# [RECORDED DATA]
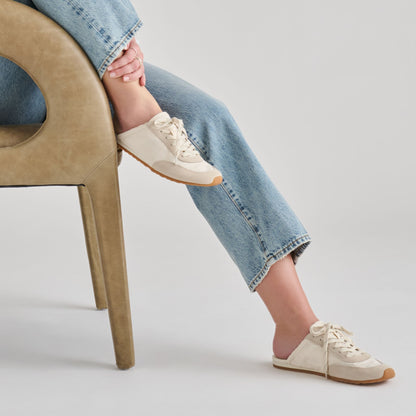 Dolce Vita SHOES Daris White Nylon Sneakers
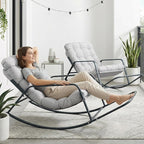 RADIATA 2pcs Rocking Lounge Chair, Indoor Outdoor Reclining Lounger by RADIATAPatioGardenFurniture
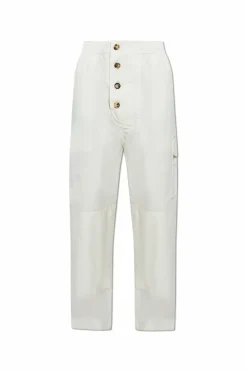 Bottega Veneta cream Cargo pants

# [TASK OBJECTIVE]
Copy the listing exactly. Leave the pictures out.

# [ANSWER TO THE PROBLEM]
 Dolce Vita SHOES Daris White Nylon Sneakers
 RADIATA 2pcs Rocking Lounge Chair, Indoor Outdoor Reclining Lounger by RADIATAPatioGardenFurniture
 Bottega Veneta cream Cargo pants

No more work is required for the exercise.